--- YOUR INSTRUCTIONS ---
An exact, complete copy of the entries that follow is needed.

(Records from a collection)

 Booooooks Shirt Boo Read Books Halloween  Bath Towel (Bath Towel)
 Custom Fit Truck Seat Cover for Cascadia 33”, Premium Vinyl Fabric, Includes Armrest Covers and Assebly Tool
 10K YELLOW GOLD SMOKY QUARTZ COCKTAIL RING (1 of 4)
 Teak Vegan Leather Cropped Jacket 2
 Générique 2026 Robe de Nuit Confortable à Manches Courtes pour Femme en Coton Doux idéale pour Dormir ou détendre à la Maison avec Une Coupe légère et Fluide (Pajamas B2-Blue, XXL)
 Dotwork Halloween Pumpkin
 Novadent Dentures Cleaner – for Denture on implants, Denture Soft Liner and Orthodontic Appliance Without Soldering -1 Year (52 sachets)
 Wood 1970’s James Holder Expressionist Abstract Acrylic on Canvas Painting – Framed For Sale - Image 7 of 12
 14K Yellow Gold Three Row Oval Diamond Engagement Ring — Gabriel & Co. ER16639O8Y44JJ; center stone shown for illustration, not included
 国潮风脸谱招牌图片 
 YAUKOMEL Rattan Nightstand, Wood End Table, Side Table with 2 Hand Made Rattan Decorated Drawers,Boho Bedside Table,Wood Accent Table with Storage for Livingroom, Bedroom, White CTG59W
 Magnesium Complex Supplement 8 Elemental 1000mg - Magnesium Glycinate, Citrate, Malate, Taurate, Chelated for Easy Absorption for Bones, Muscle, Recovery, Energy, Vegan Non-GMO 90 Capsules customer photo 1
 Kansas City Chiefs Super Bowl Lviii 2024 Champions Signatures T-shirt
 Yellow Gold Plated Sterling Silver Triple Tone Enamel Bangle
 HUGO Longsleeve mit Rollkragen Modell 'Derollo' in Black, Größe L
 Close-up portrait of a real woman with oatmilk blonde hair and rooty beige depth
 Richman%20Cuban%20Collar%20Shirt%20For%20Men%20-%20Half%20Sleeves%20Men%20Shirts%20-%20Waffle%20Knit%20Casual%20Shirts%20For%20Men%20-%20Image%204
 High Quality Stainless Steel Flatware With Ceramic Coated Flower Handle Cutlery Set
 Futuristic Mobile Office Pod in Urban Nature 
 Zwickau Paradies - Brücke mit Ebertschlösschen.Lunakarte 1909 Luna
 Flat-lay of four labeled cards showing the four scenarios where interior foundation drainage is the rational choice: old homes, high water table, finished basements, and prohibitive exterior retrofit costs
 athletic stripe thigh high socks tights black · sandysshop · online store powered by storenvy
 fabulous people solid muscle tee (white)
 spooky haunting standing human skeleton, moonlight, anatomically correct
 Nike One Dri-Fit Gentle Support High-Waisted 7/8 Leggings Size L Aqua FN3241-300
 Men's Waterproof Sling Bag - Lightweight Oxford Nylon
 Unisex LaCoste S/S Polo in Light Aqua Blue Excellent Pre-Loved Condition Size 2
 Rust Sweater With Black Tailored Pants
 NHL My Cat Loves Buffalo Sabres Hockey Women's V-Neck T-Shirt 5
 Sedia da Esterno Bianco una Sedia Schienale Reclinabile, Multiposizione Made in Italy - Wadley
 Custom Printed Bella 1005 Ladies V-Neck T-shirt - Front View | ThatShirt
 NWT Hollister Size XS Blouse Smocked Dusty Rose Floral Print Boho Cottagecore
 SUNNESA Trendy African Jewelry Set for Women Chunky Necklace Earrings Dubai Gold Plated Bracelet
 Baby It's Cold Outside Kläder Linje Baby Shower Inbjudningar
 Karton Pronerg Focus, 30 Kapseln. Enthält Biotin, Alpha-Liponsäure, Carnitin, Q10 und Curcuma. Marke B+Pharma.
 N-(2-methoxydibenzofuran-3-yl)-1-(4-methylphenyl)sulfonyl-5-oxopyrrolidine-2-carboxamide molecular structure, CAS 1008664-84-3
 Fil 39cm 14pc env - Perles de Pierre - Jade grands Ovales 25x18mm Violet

--- RESULT OF THE EXERCISE ---
 Booooooks Shirt Boo Read Books Halloween  Bath Towel (Bath Towel)
 Custom Fit Truck Seat Cover for Cascadia 33”, Premium Vinyl Fabric, Includes Armrest Covers and Assebly Tool
 10K YELLOW GOLD SMOKY QUARTZ COCKTAIL RING (1 of 4)
 Teak Vegan Leather Cropped Jacket 2
 Générique 2026 Robe de Nuit Confortable à Manches Courtes pour Femme en Coton Doux idéale pour Dormir ou détendre à la Maison avec Une Coupe légère et Fluide (Pajamas B2-Blue, XXL)
 Dotwork Halloween Pumpkin
 Novadent Dentures Cleaner – for Denture on implants, Denture Soft Liner and Orthodontic Appliance Without Soldering -1 Year (52 sachets)
 Wood 1970’s James Holder Expressionist Abstract Acrylic on Canvas Painting – Framed For Sale - Image 7 of 12
 14K Yellow Gold Three Row Oval Diamond Engagement Ring — Gabriel & Co. ER16639O8Y44JJ; center stone shown for illustration, not included
 国潮风脸谱招牌图片 
 YAUKOMEL Rattan Nightstand, Wood End Table, Side Table with 2 Hand Made Rattan Decorated Drawers,Boho Bedside Table,Wood Accent Table with Storage for Livingroom, Bedroom, White CTG59W
 Magnesium Complex Supplement 8 Elemental 1000mg - Magnesium Glycinate, Citrate, Malate, Taurate, Chelated for Easy Absorption for Bones, Muscle, Recovery, Energy, Vegan Non-GMO 90 Capsules customer photo 1
 Kansas City Chiefs Super Bowl Lviii 2024 Champions Signatures T-shirt
 Yellow Gold Plated Sterling Silver Triple Tone Enamel Bangle
 HUGO Longsleeve mit Rollkragen Modell 'Derollo' in Black, Größe L
 Close-up portrait of a real woman with oatmilk blonde hair and rooty beige depth
 Richman%20Cuban%20Collar%20Shirt%20For%20Men%20-%20Half%20Sleeves%20Men%20Shirts%20-%20Waffle%20Knit%20Casual%20Shirts%20For%20Men%20-%20Image%204
 High Quality Stainless Steel Flatware With Ceramic Coated Flower Handle Cutlery Set
 Futuristic Mobile Office Pod in Urban Nature 
 Zwickau Paradies - Brücke mit Ebertschlösschen.Lunakarte 1909 Luna
 Flat-lay of four labeled cards showing the four scenarios where interior foundation drainage is the rational choice: old homes, high water table, finished basements, and prohibitive exterior retrofit costs
 athletic stripe thigh high socks tights black · sandysshop · online store powered by storenvy
 fabulous people solid muscle tee (white)
 spooky haunting standing human skeleton, moonlight, anatomically correct
 Nike One Dri-Fit Gentle Support High-Waisted 7/8 Leggings Size L Aqua FN3241-300
 Men's Waterproof Sling Bag - Lightweight Oxford Nylon
 Unisex LaCoste S/S Polo in Light Aqua Blue Excellent Pre-Loved Condition Size 2
 Rust Sweater With Black Tailored Pants
 NHL My Cat Loves Buffalo Sabres Hockey Women's V-Neck T-Shirt 5
 Sedia da Esterno Bianco una Sedia Schienale Reclinabile, Multiposizione Made in Italy - Wadley
 Custom Printed Bella 1005 Ladies V-Neck T-shirt - Front View | ThatShirt
 NWT Hollister Size XS Blouse Smocked Dusty Rose Floral Print Boho Cottagecore
 SUNNESA Trendy African Jewelry Set for Women Chunky Necklace Earrings Dubai Gold Plated Bracelet
 Baby It's Cold Outside Kläder Linje Baby Shower Inbjudningar
 Karton Pronerg Focus, 30 Kapseln. Enthält Biotin, Alpha-Liponsäure, Carnitin, Q10 und Curcuma. Marke B+Pharma.
 N-(2-methoxydibenzofuran-3-yl)-1-(4-methylphenyl)sulfonyl-5-oxopyrrolidine-2-carboxamide molecular structure, CAS 1008664-84-3
 Fil 39cm 14pc env - Perles de Pierre - Jade grands Ovales 25x18mm Violet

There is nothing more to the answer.